Islamabad: Years after her own daughter became a global advocate for women’s education, Tor Pekai Yousafzai, the mother of Malala Yousafzai, has finally learnt to read and write, and to speak a bit of English.

“She wants to learn. She wants to get an education. She goes to school five days a week. She does her homework,” Malala Yousafzai, the 17-year old campaigner for girls’ education who was shot by the Taliban, said of her mother in an interview Tuesday about the release of the young readers’ edition of her book, I Am Malala.

Even as Yousafzai became an advocate for educating girls, her own mother remained illiterate, although her father, Ziauddin Yousafzai, ran a girls’ school in Pakistan.

But recently, her mother has been learning to read and write — and her husband has been helping more with domestic tasks, a new step even for a family that has devoted itself to expanding women’s opportunities in Pakistan and worldwide.
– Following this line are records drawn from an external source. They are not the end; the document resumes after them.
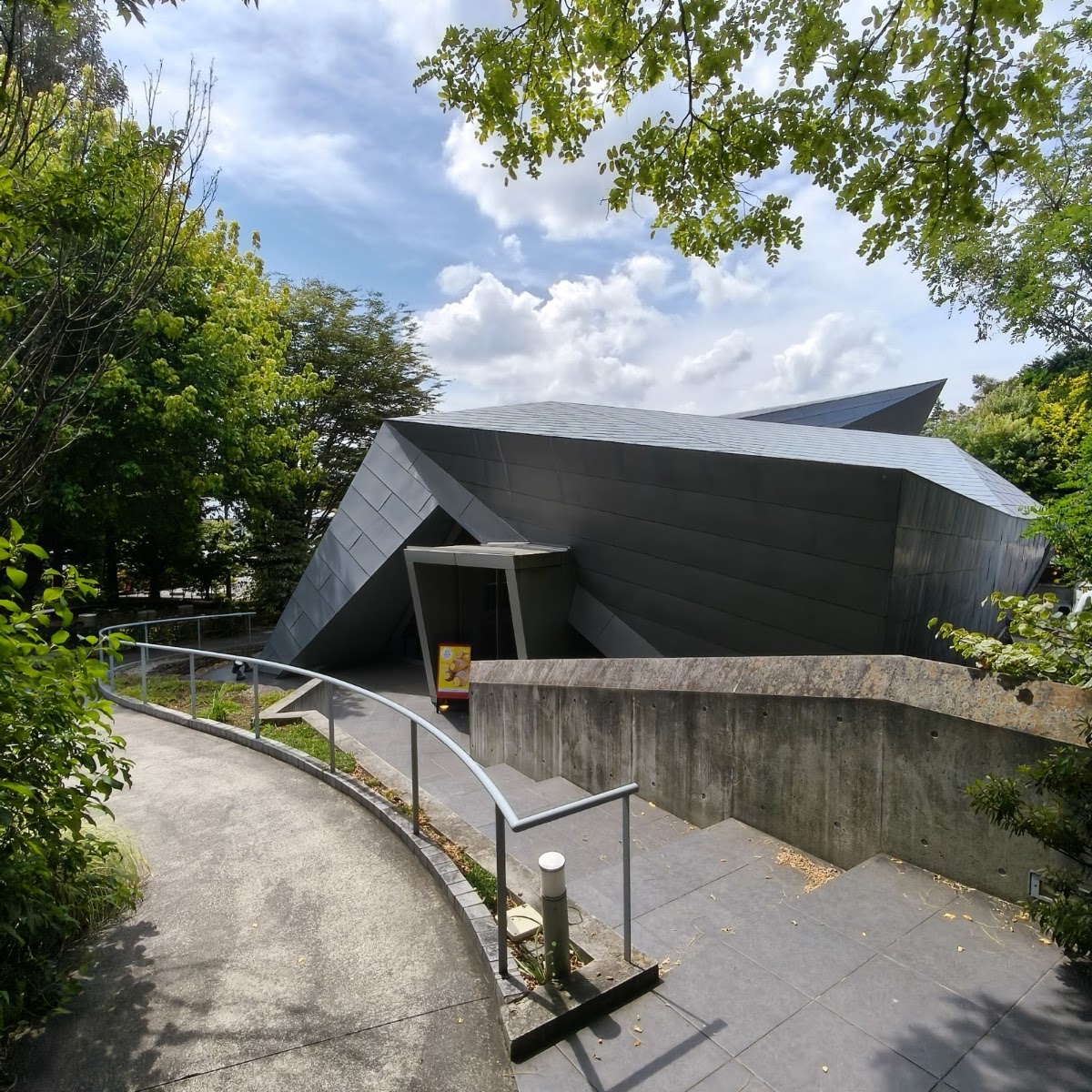 美術館建築正面外觀與綠樹藍天
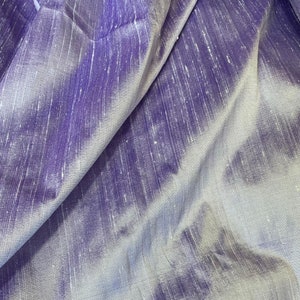 Tessuto Dupioni di seta iridescente viola lavanda ghiacciato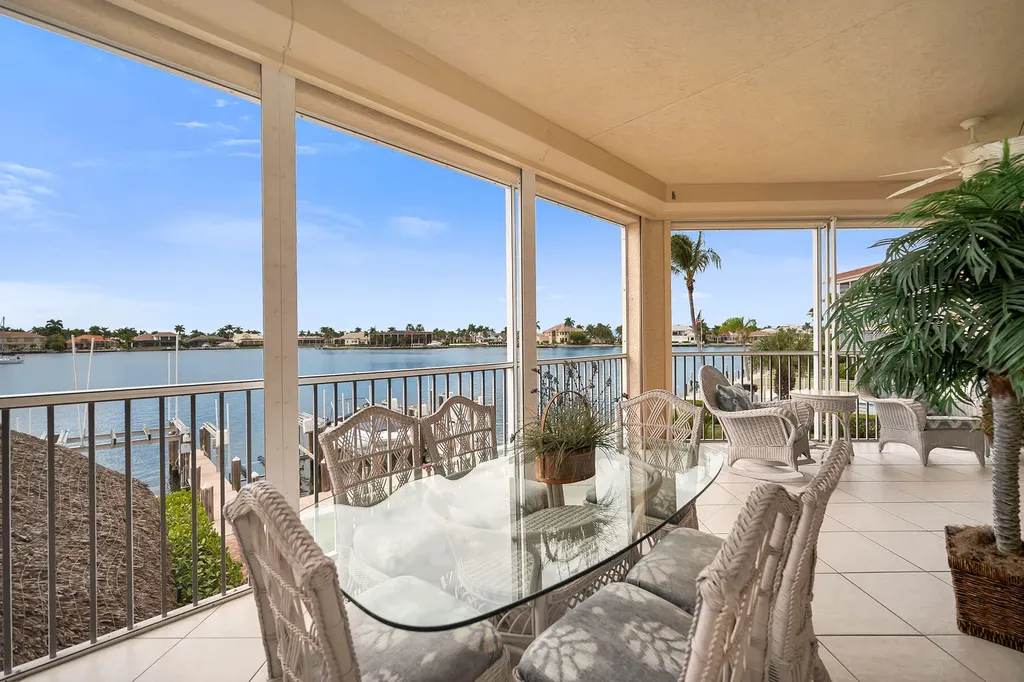 794 W Elkcam Circle Marco Island FL 34145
“My mother is now learning English, becoming independent, goes to see the doctor on her own, goes to the shops and markets on her own,” Yousafzai said. “On the other hand, my father is now going toward the kitchen. He makes eggs. He cannot really do a lot of cooking, but he brings plates to the table, brings cups, puts jam and butter in those things. So he is getting better.

“These things are very important for us, because in many countries, people think the kitchen is just a woman’s job,” she added, “and the man’s job is to go outside, earn money, and he’s going to control the family. So our family shows an example to the world of how things change with the help of awareness.”

Yousafzai invited her mother, who has generally shied from the spotlight even as her daughter has become a global celebrity, to address the audience. Her mother rose, adjusted her veil to make sure it was covering her head, described her new language skills and how they had changed her life, and said a few words in English.